Christine Paillard

Directrice de recherche au CNRS, Université de Bretagne occidentale

«Toute petite, je voulais être détective, j’adorais rechercher et trouver les coupables. A l'université, je me suis donc tournée assez naturellement vers une carrière de chercheur. Ma thèse portait sur la recherche des causes de mortalités hivernales anormales de bivalves, les palourdes. En collaborant avec les professionnels sur le terrain, nous avons pu nous rendre compte que c'était une maladie contagieuse et non un problème de pollution comme on le pensait au départ. Nous l'avons appelée "maladie de l'anneau brun", car le bord interne de la coquille des animaux malades apparaissait ornementé d’un dépôt organique brun.

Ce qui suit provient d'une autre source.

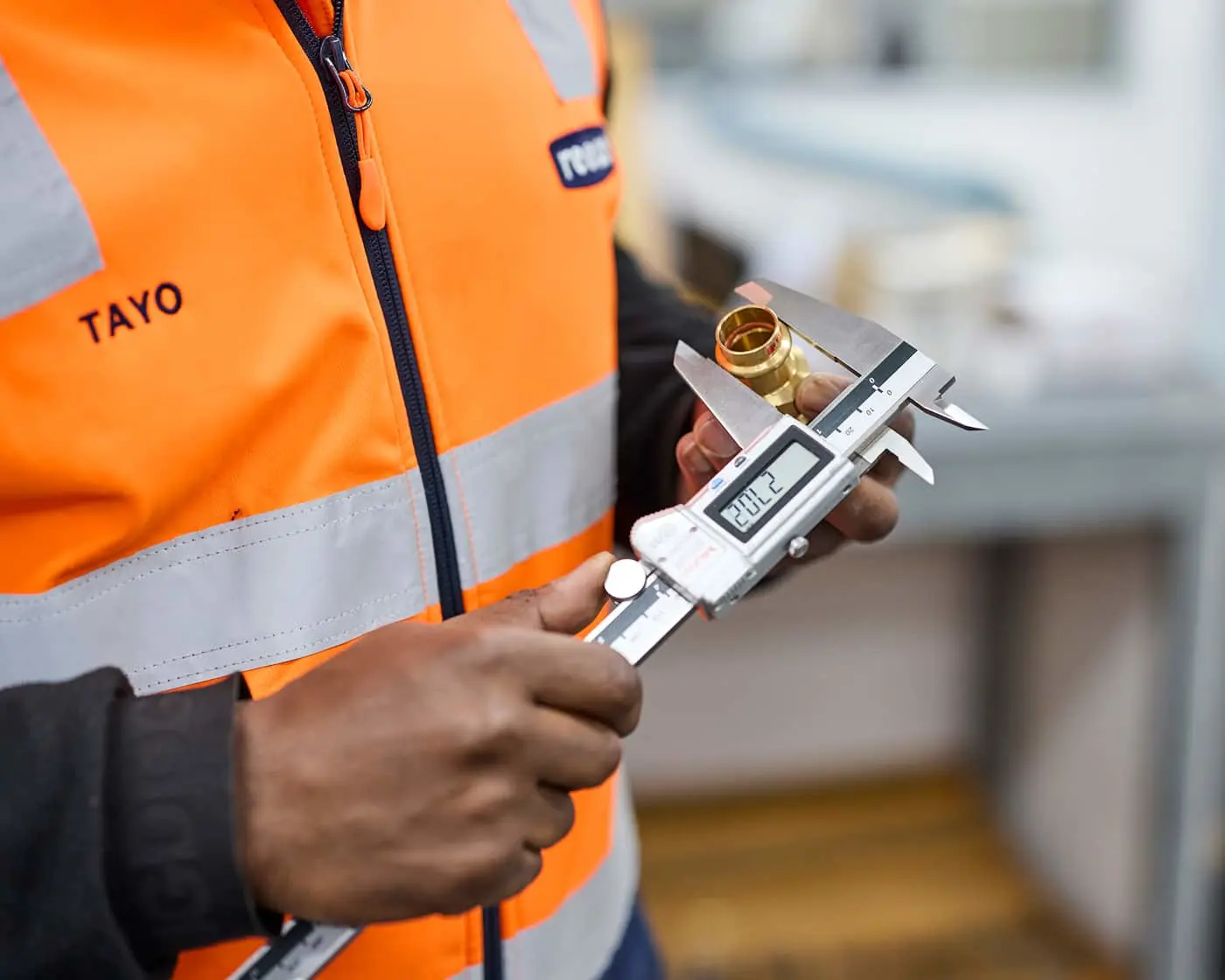 Worker in orange TAYO safety vest measuring a brass fitting with digital calipers at a construction site.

La mise en évidence d’une nouvelle espèce bactérienne, localisée entre la coquille et l’animal, allait à l’encontre des idées reçues sur les causes de mortalités des bivalves. Cette découverte  a été décisive dans ma vie de chercheuse. J’essaie que les étudiants soient créatifs et n'aient pas peur d'inventer, d'avoir un côté "explorateur".

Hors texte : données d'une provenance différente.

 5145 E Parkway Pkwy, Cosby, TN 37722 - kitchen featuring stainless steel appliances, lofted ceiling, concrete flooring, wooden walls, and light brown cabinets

La maladie du mollusque marin se situe à l'intersection de trois composantes: le pathogène, l'hôte et l'environnement. Elle sera favorisée lorsque les conditions environnementales deviennent défavorables à l’hôte -comme lors de fortes températures, de pollutions ou lors de la présence  de concentrations élevées de micro-plastiques, de pesticides ou de métaux. Récemment, nous avons pu démontrer que les fortes mortalités estivales d’ormeaux étaient liées à une synergie de facteurs associant une bactérie pathogène, le réchauffement climatique et une déficience immunitaire au moment de la reproduction. Les avancées de ces travaux de recherche sont le fruit d’un travail d’équipe, associant des échanges stimulants et de belles aventures humaines. Depuis quelques années, je questionne mon travail de recherche avec des chercheurs en sciences humaines et avec des artistes, ce qui me permet d’appréhender autrement la complexité du vivant.»